Entries shown

***

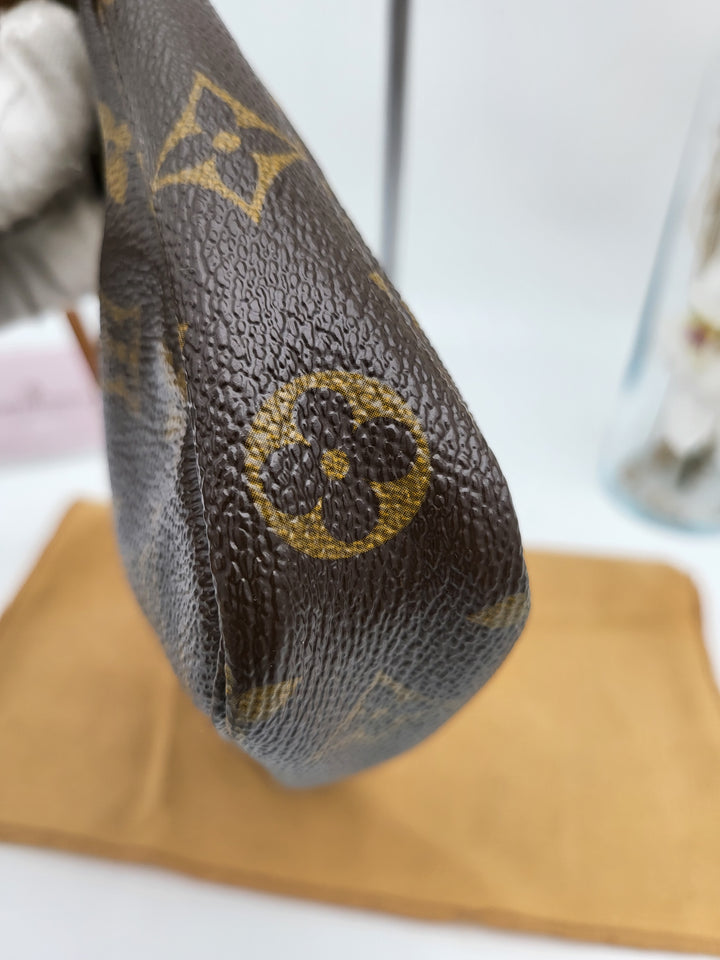 LOUIS VUITTON POCHETTE ACCESSORIES MONOGRAM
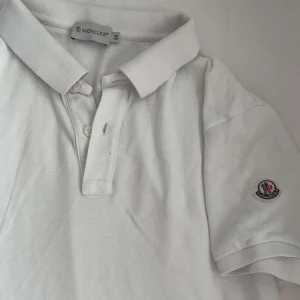 Moncler piké  - Äkta moncler piké till salu, storlek M✨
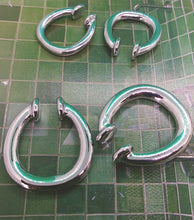 Load image into Gallery viewer, Earring Pierce Less

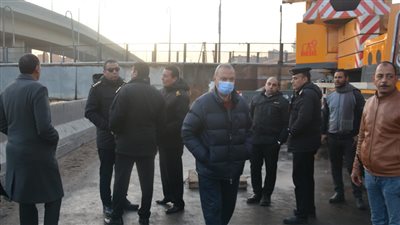 محافظ القليوبية يصل لموقع سقوط كوبري مشاة الثلاجة على الطريق الزراعي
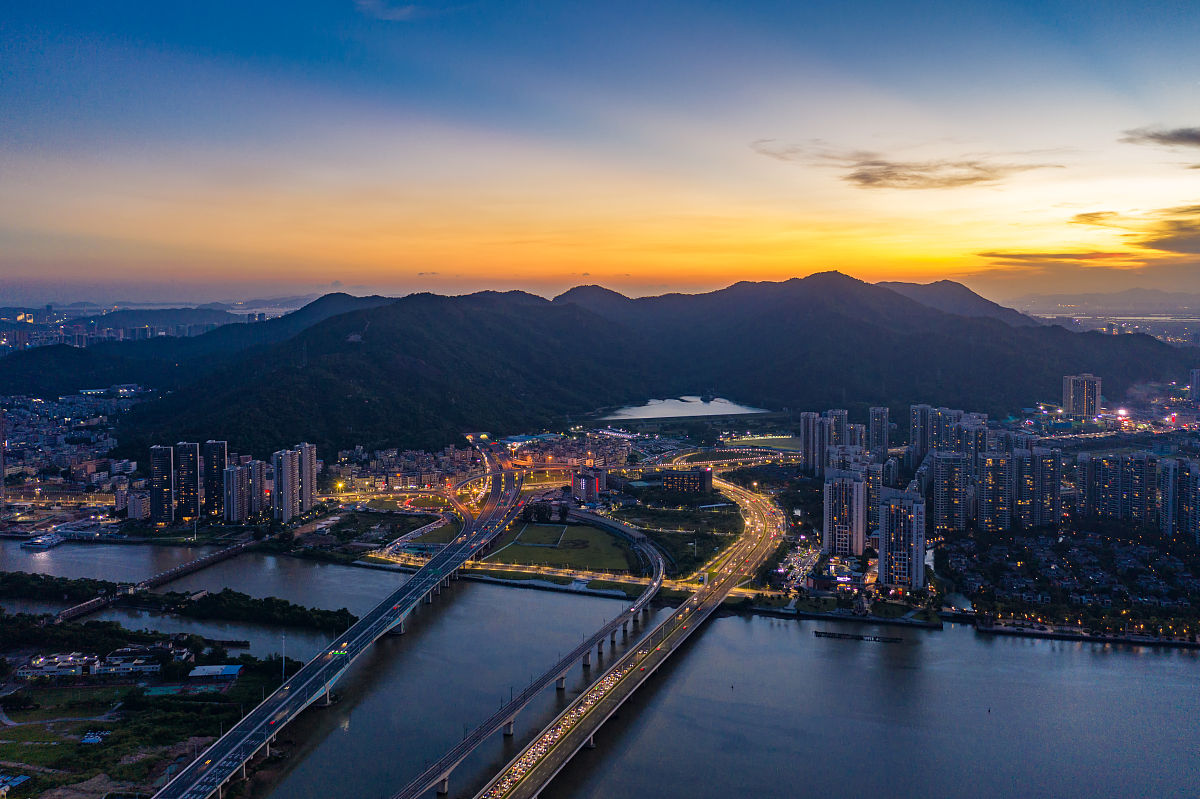 2021年9月8日,广东珠海,航拍城市晚霞.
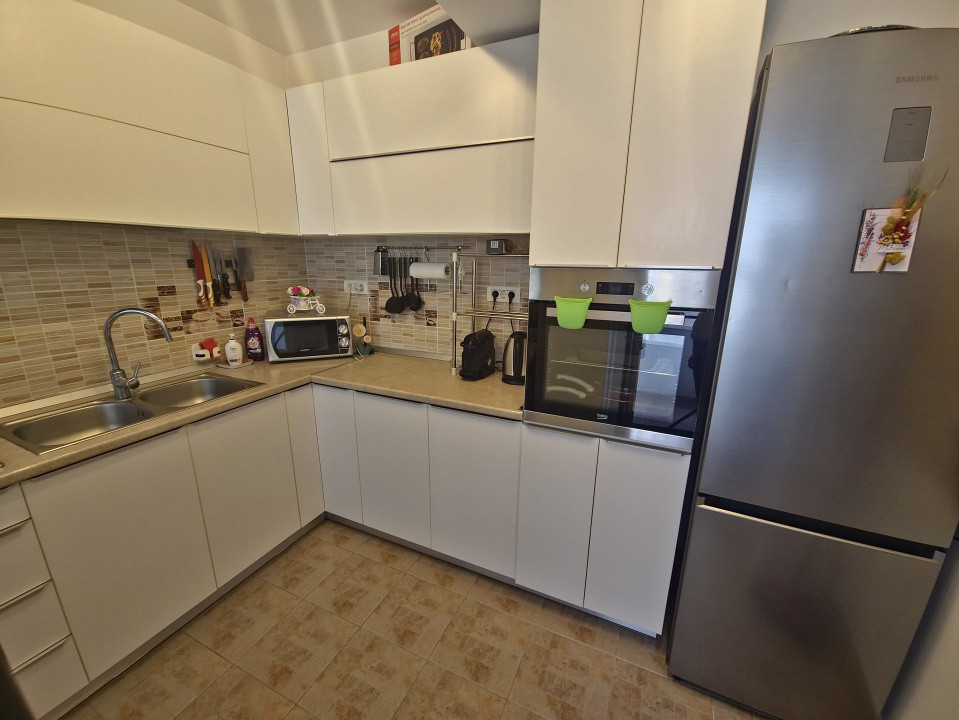 Compozitorilor apartament 3 camere Decomandat suprafata totala de 114 mp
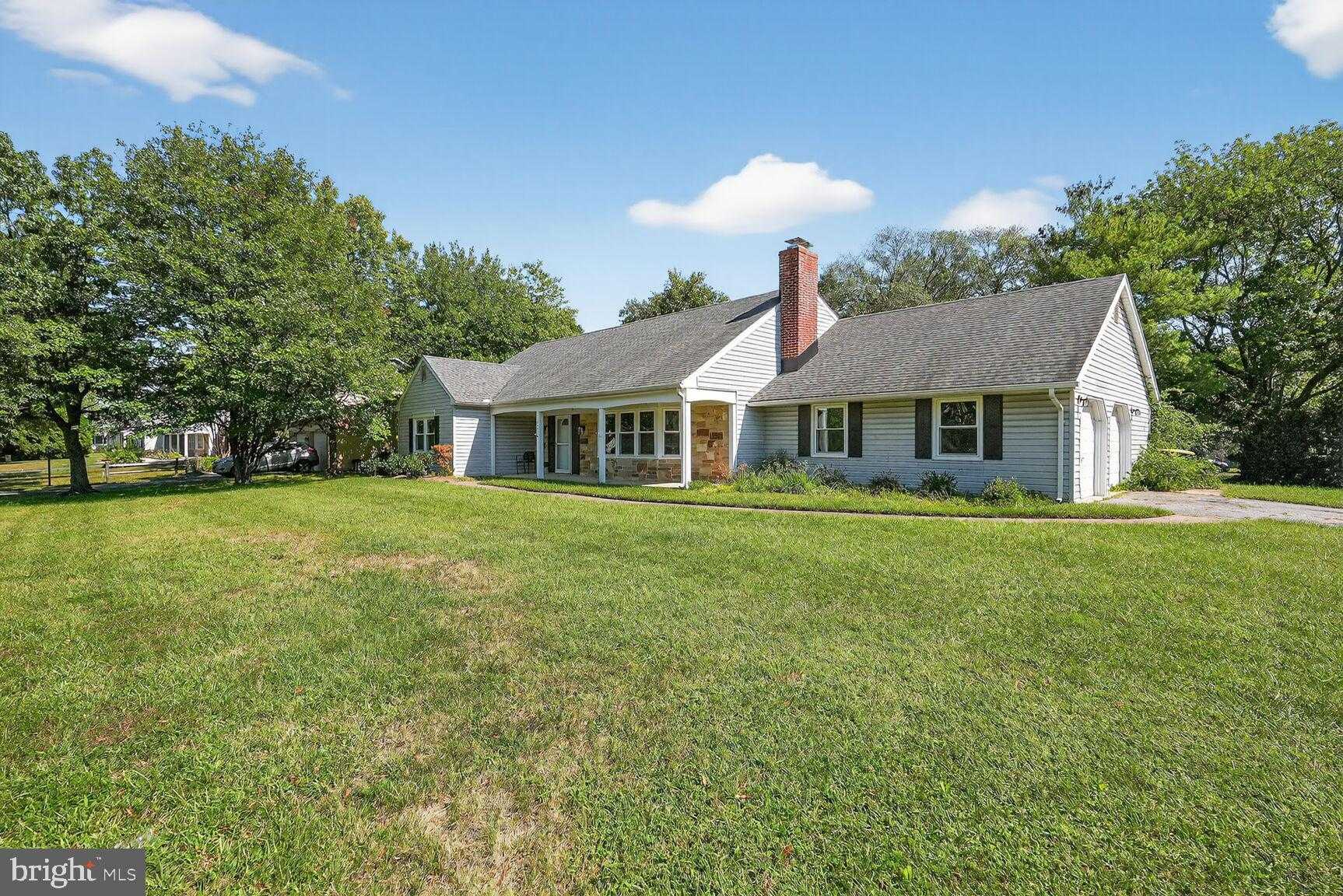 12201 Mount Pleasant Dr photo 2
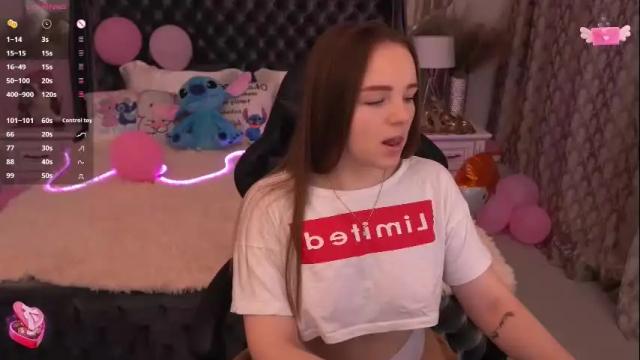 Image 2 of foxyshyyy Stream on Chaturbate on 20 days ago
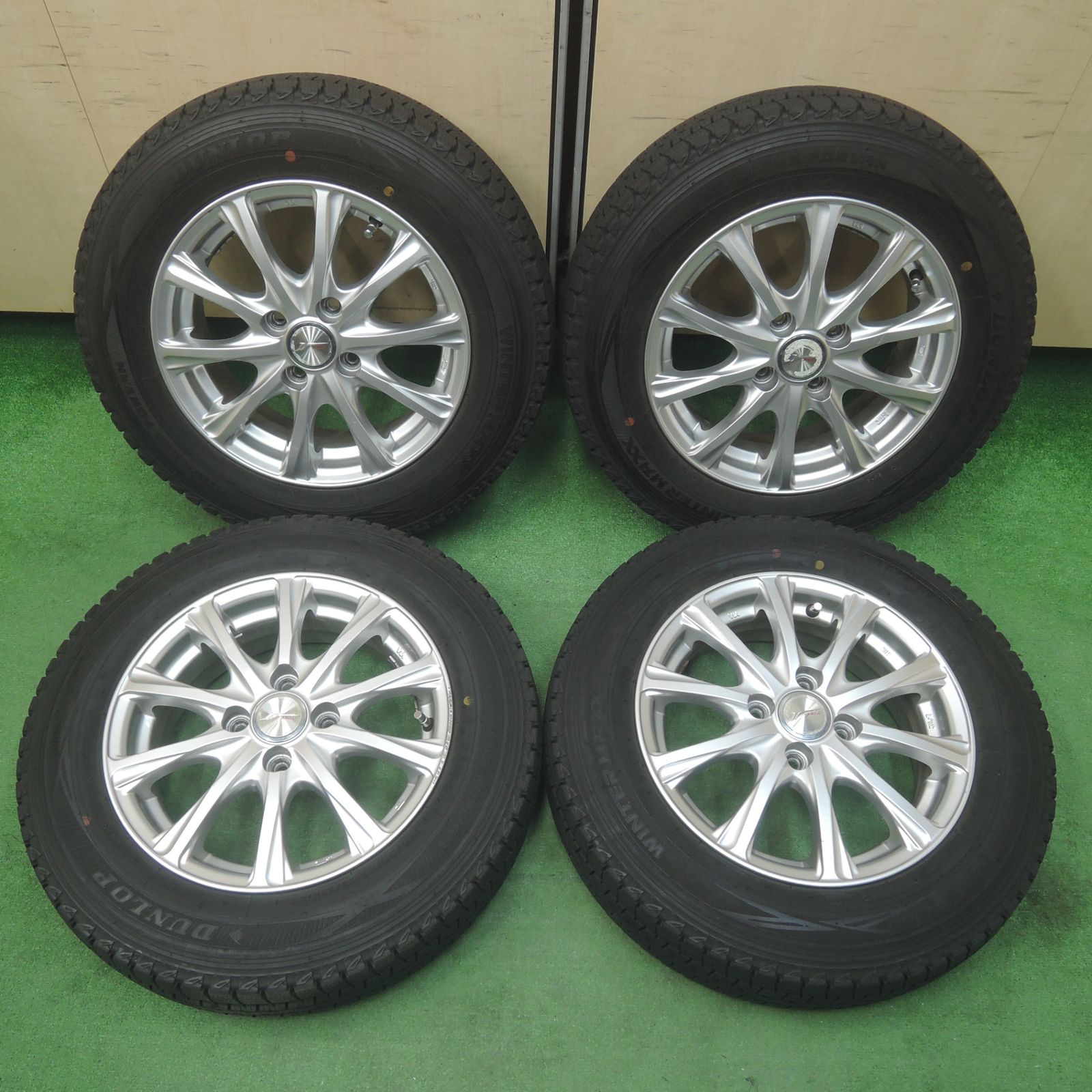 *送料無料* バリ溝！キレイ！9.5分スタッドレス 155/80R14 88/86N ダンロップ ウインターマックス SV01 JOKER ジョーカー 14インチ PCD100/4H4032003SYス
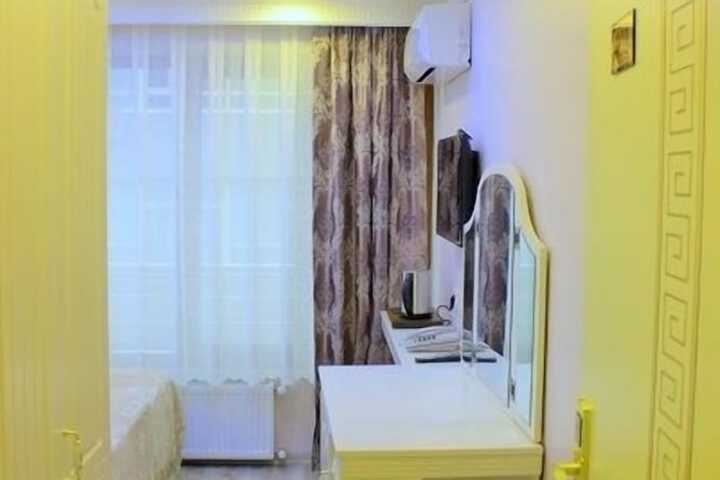 Room 9 of 29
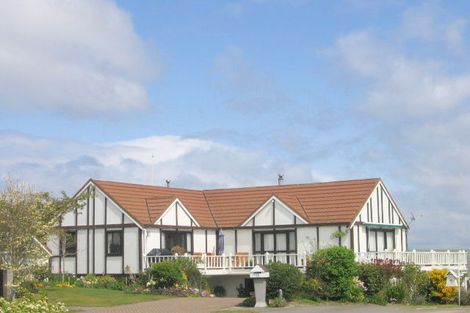 Photo of property in 13 Kempton Place, Richmond Heights, Taupo, 3330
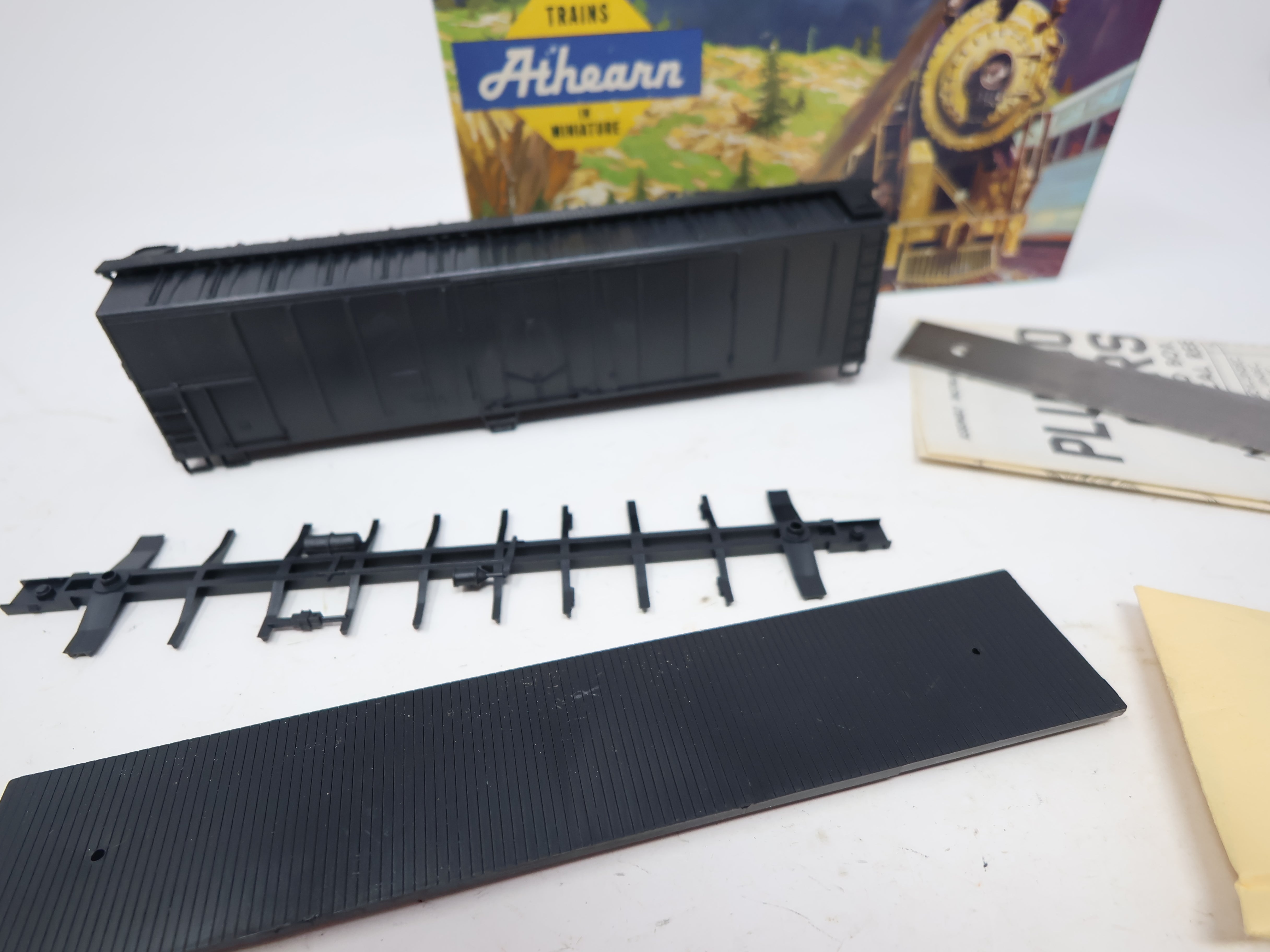 USED Athearn 1631 HO Scale, Undecorated 50' Outside Braced Reefer Black (KIT)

***

Task statement
Before writing out the material above, please remove its pictures; everything else stays exact.

Exercise answer
 LOUIS VUITTON POCHETTE ACCESSORIES MONOGRAM
 Moncler piké  - Äkta moncler piké till salu, storlek M✨
 Load image into Gallery viewer, Earring Pierce Less

 محافظ القليوبية يصل لموقع سقوط كوبري مشاة الثلاجة على الطريق الزراعي
 2021年9月8日,广东珠海,航拍城市晚霞.
 Compozitorilor apartament 3 camere Decomandat suprafata totala de 114 mp
 12201 Mount Pleasant Dr photo 2
 Image 2 of foxyshyyy Stream on Chaturbate on 20 days ago
 *送料無料* バリ溝！キレイ！9.5分スタッドレス 155/80R14 88/86N ダンロップ ウインターマックス SV01 JOKER ジョーカー 14インチ PCD100/4H4032003SYス
 Room 9 of 29
 Photo of property in 13 Kempton Place, Richmond Heights, Taupo, 3330
 USED Athearn 1631 HO Scale, Undecorated 50' Outside Braced Reefer Black (KIT)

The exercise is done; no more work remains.